» **Dataset excerpts**:
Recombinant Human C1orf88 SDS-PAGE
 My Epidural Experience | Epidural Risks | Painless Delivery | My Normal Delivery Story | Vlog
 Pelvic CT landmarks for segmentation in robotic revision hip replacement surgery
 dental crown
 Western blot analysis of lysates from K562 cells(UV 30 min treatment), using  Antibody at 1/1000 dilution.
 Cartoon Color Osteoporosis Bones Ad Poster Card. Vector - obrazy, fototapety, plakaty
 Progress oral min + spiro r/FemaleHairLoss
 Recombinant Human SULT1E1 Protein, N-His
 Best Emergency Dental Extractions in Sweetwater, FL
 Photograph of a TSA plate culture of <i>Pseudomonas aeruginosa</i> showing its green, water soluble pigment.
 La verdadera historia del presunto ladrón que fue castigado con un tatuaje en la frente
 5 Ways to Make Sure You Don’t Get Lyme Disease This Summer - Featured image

» **How to complete this task**: Every entry must appear in the answer exactly as written.

» **Answer area**:
Recombinant Human C1orf88 SDS-PAGE
 My Epidural Experience | Epidural Risks | Painless Delivery | My Normal Delivery Story | Vlog
 Pelvic CT landmarks for segmentation in robotic revision hip replacement surgery
 dental crown
 Western blot analysis of lysates from K562 cells(UV 30 min treatment), using  Antibody at 1/1000 dilution.
 Cartoon Color Osteoporosis Bones Ad Poster Card. Vector - obrazy, fototapety, plakaty
 Progress oral min + spiro r/FemaleHairLoss
 Recombinant Human SULT1E1 Protein, N-His
 Best Emergency Dental Extractions in Sweetwater, FL
 Photograph of a TSA plate culture of <i>Pseudomonas aeruginosa</i> showing its green, water soluble pigment.
 La verdadera historia del presunto ladrón que fue castigado con un tatuaje en la frente
 5 Ways to Make Sure You Don’t Get Lyme Disease This Summer - Featured image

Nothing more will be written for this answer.